New articles are published every Monday and sometimes in between.

Sunday, February 27, 2022

Regulatory expectations and requirements or "paperwork."


Dear Michael:

In response to your concerns about all the insurance regulations which must be followed to bill for services I jotted down some of my thoughts.

We can get caught up in the regulations, expectations, and requirements of running a business and practicing a profession when we manage a career in psychotherapy. This obsession with the trees precludes us from seeing the forest. The more basic questions that we overlook are:

What ultimately is the purpose of psychotherapy? 
Who are we ultimately working for?

One of the foundational concepts in TQM (Total quality management) is to know your customer. Who is your customer? There usually are many stakeholders in the business being managed. So these stakeholders can be put in priority.

The managed care model was built on a three legged stool. The model intended three things: good outcomes, achieved cost competitively, with customer satisfaction. Or as the bumper sticker says "Good, cheap, fast pick two."

At the end of the day I am on a mission from God and the client's needs and wishes are my ultimate concerns.

I went to a conference once presented by Michael White, the father of Narrative Therapy. He was asked a question by somebody in the audience who probably was a graduate student "Is Narrative Therapy research based?" Michael paused for a moment and then said, "Well, I am not a researcher. I am a practitioner. I don't know if Narrative Therapy is research based or not and it isn't my biggest concern. My concern is that it be ethically based."
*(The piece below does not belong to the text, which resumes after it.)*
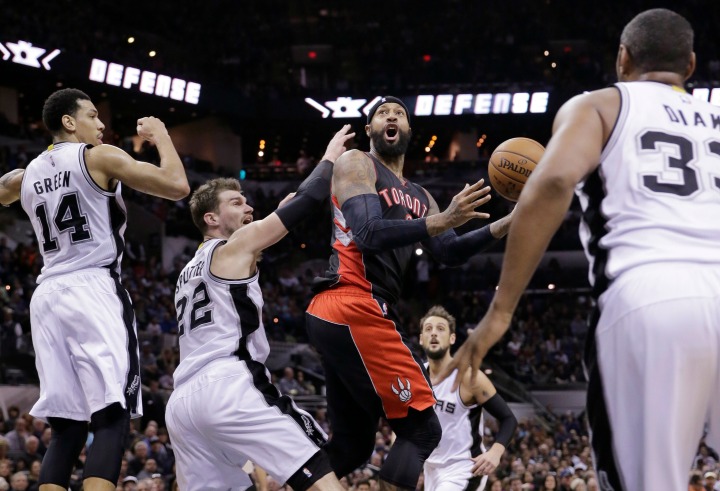 Toronto Raptors’ James Johnson, center, looks to shoots as he is surrounded by San Antonio Spurs’ Danny Green (14), Tiago Splitter (22), Boris Diaw (33) and Marco Belinelli, second from right, during the first half of an NBA basketball game, Tuesday, March 10, 2015, in San Antonio.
Obviously, I have never forgotten this very important principle. We can worship at the altar of data or we can do the right thing. Hopefully these will usually be the same thing, but sometimes they are not and at the end of the world I'd rather be on the side of the ethical.
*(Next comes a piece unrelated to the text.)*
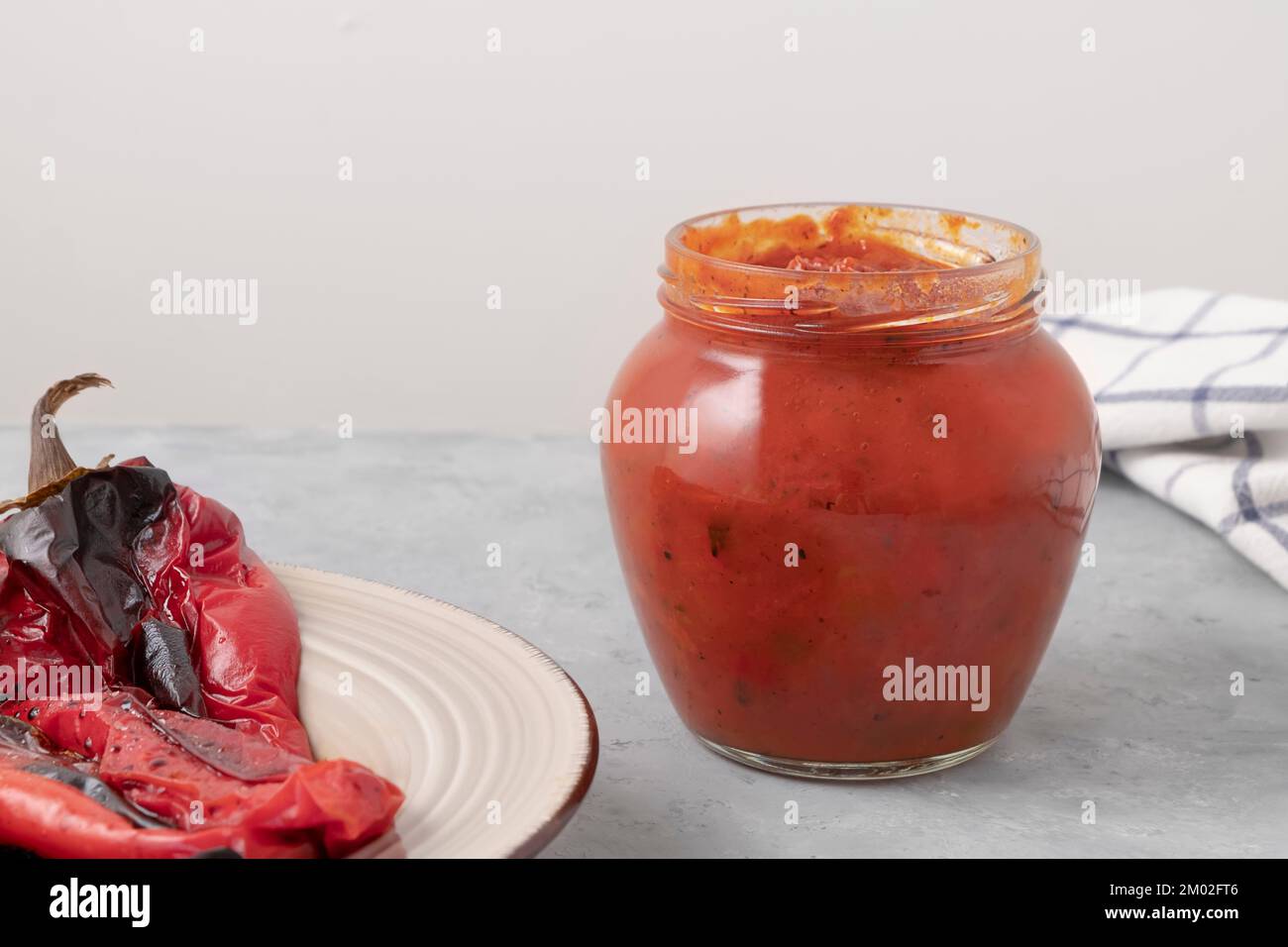 Glass jar of delicious Ljutenica made of roasted bell peppers on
There is a line in A Course In Miracles, "Would you rather be right or be happy?" The need to be right may ultimately miss the point, right?
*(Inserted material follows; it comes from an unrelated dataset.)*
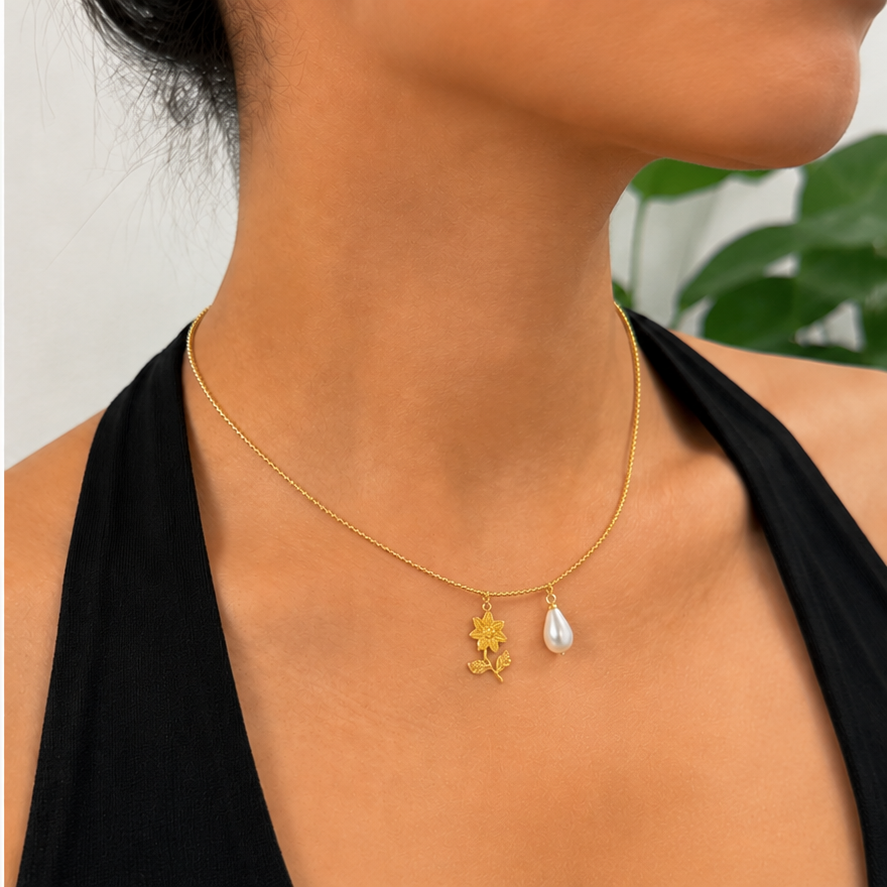 Thin Bead Chain in Gold styled with two charms on a model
Saturday, February 26, 2022

What have you learned being a Social Worker for 53 years?

 Topic One

What have you learned being a Social Worker for 53 years?



David Markham at Park Ridge Mental Health Center in Brockport, NY on 12/07/1988



When I graduated from SUNY Albany in 1972 with a Master’s Degree In Social Work, students were expected in the second of their two years of study to concentrate in casework, group work, or community organization. This was the standard way of organizing graduate social work education until the 80s when Social Work education shifted to a generalist model emphasizing the major competencies as assessment, service planning, implementation, and evaluation at three levels of social organization, individual, group, and community, This led to practice at the micro, mezzo, and macro levels.


The career path I have followed has taken me through all these methodologies and levels. I have provided individual, family, and group counseling as a clinician and also systems management as a supervisor, program director, deputy director for programs, and finally as an executive director. I have also functioned as an adjunct college professor in Health Sciences and in Social Work.


Some people might say cynically that I have been a “jack of all trades and a master of none.” I certainly have been a generalist with wide ranging career experiences but I have mastered some of them and consider myself to have some knowledge, expertise, and skills that are valuable to the right people, in the right places, at the right time, delivered in the right way.


I am very grateful for the career I have engaged in and all the mentors and teachers who taught me along the way. This blog will, hopefully, capture some of this knowledge, experience, and practice wisdom that has been accumulated over 53 years of practice.


Social Work: A Lifetime Of Practice is back up and running.

 After 9 1/2 years Social Work: A Lifetime of Practice is up and running. It is the mission of this project is to capture a lifetime of knoweldge, skills, and practice for the use of subsequent generations of Social Workers and Human Service professional. Feedback and sharing is welcome.